Unfortunately, nothing has changed here. We simply can't model reality well enough to avoid these events. Worse, if a company would properly value assets, it would charge more to take on risks, which would put it at a competitive disadvantage. So it's bad to have a better model, at least as long as things are going well.
This means that an unregulated financial system that strives for high efficiency (low transaction costs) will always end up crashing and burning. This isn't a problem per se, as long as it does not take the rest of the economy with it.
Posted by: endorendil at March 27, 2013 08:03 AM
Ahem.

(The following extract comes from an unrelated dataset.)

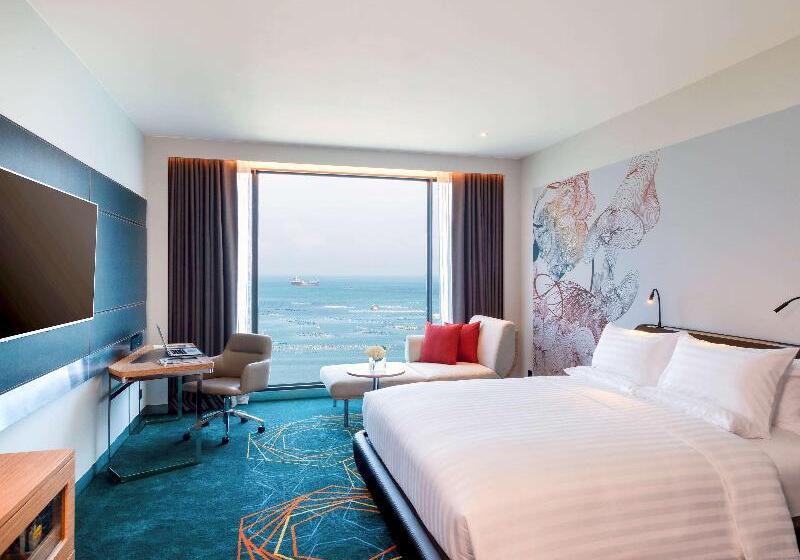 اتاق پرمیوم با چشم‌انداز دریا, Novotel Marina Sriracha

I note my comment at July 11, 2005 10:21 PM to http://www.econbrowser.com/archives/2005/07/how_to_talk_to.html
Posted by: Stuart Staniford at March 27, 2013 08:52 AM
Thanks Endorendil for your sage words.
"an unregulated financial system that strives for high efficiency (low transaction costs) will always end up crashing and burning. This isn't a problem per se, as long as it does not take the rest of the economy with it."
In what universe can any financial system crash and burn without taking the rest of the economy with it?
Posted by: MarkS at March 27, 2013 09:00 AM
Positing this as an either misaligned incentives or group think provides a false dichotomy. Human nature being what it is we must admit that incentives affect perceptions.
Upton Sinclair once observed, "It is difficult to get a man to understand something, when his salary depends upon his not understanding it!"
Similarly, 'it is easy to get someone to believe something when believing it helps him earn a bonus.'
Posted by: Theo at March 27, 2013 09:37 AM
There is a video online, maybe from PBS, I saw several months ago. One scene followed the front line mortgage analysts as they analyzed thousands of mortages. They talked about waiters and waitresses reporting $400k in income, or some unbelievable number like that. They joked about some of the outrageous claims on the mortgage applications. Their supervisors told them not to take any action. The takeaway was that it was obvious many of the loans would default, but they were processed anyway.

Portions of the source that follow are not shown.